> The data:
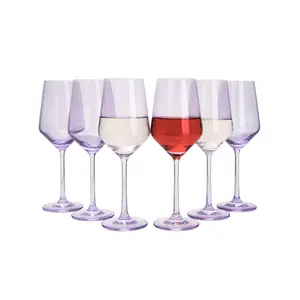 Purple Colored Wine Glass Set, Lavender Large 12 oz Glasses Set of 6, Unique Italian Style Tall Stemmed for White & Red Wine, Water, Margarita Glasses, Color Tumbler, Gifts, Viral Beautiful Glassware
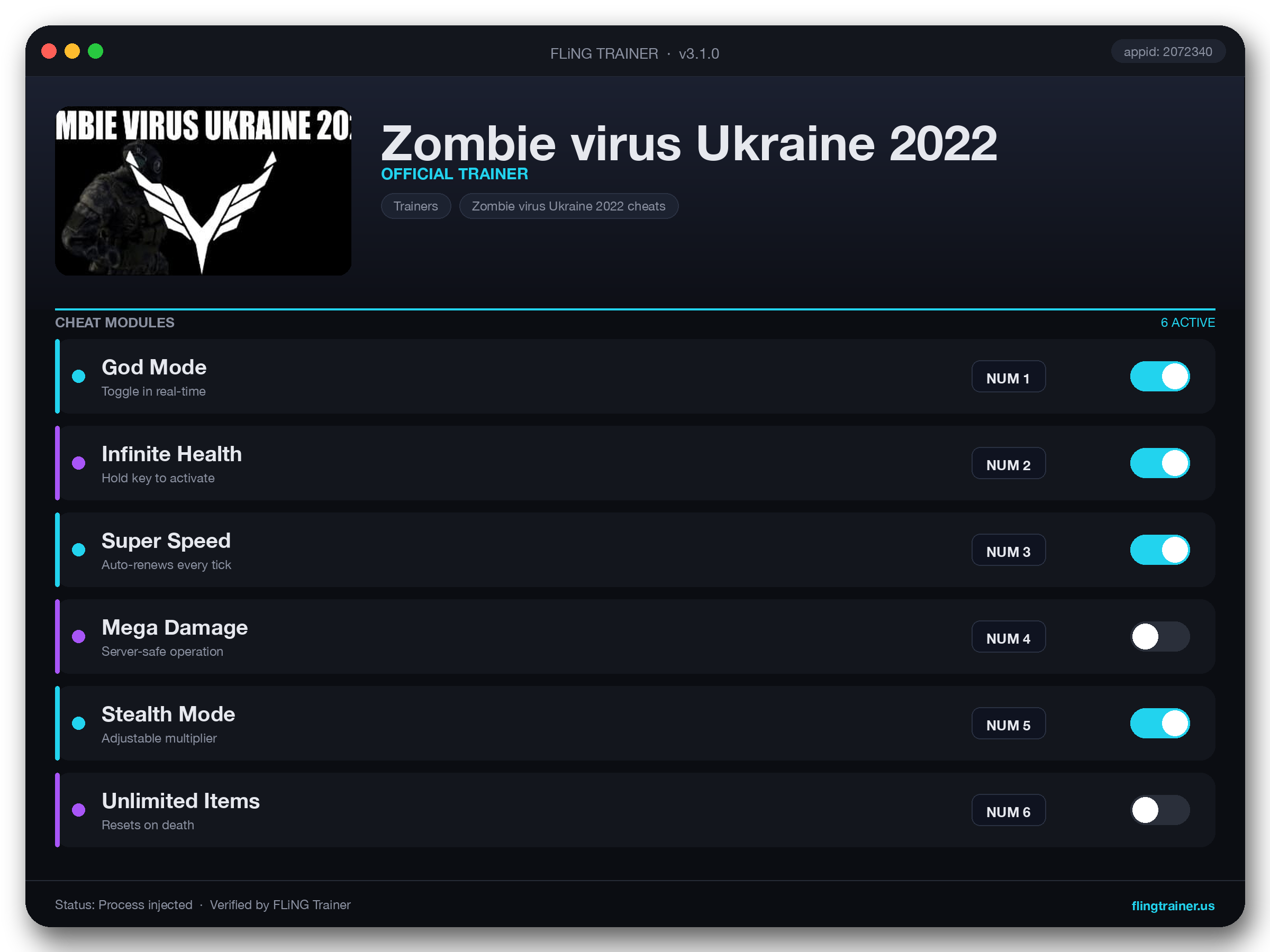 Zombie virus Ukraine 2022 Trainer interface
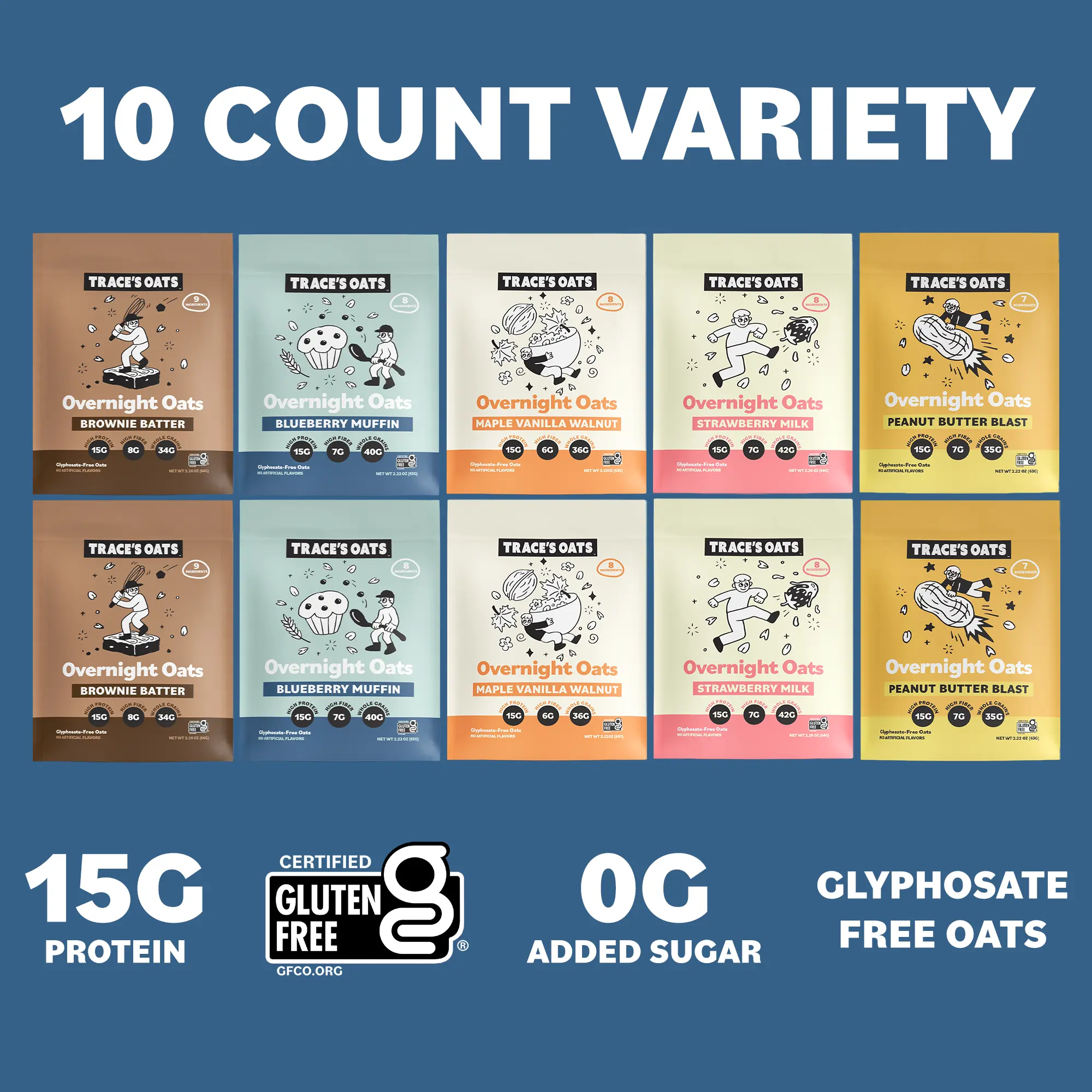 Trace's Oats Overnight Oats Variety Pack - 10-Pack, 5 Flavors (Peanut, Vanilla, Strawberry, Walnut, Fruit), 15g Protein, 0g Added Sugar (Sugar Free), Gluten-Free Granola Oatmeal, Fiber Foods, Beet Root Powder, High-Protein Breakfast Pantry Food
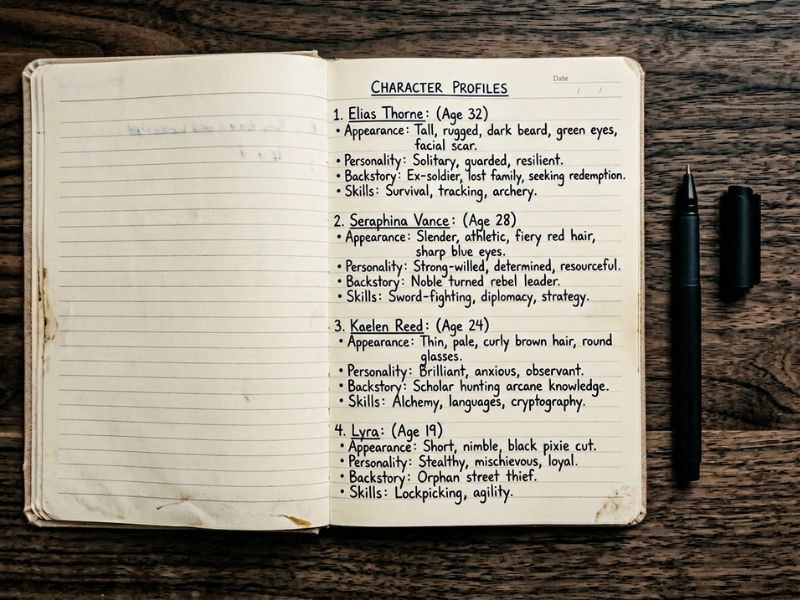 Aufgeschlagenes Notizbuch mit handgeschriebener Charakterbeschreibung und Stift auf dunklem Schreibtisch, warmes Licht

> Task instructions:
Please return, exactly and with pictures omitted, the lines from the line holding "Zombie virus Ukraine 2022 Trainer interface" through the end of the data above, inclusive.

> Answer to the exercise:
 Zombie virus Ukraine 2022 Trainer interface
 Trace's Oats Overnight Oats Variety Pack - 10-Pack, 5 Flavors (Peanut, Vanilla, Strawberry, Walnut, Fruit), 15g Protein, 0g Added Sugar (Sugar Free), Gluten-Free Granola Oatmeal, Fiber Foods, Beet Root Powder, High-Protein Breakfast Pantry Food
 Aufgeschlagenes Notizbuch mit handgeschriebener Charakterbeschreibung und Stift auf dunklem Schreibtisch, warmes Licht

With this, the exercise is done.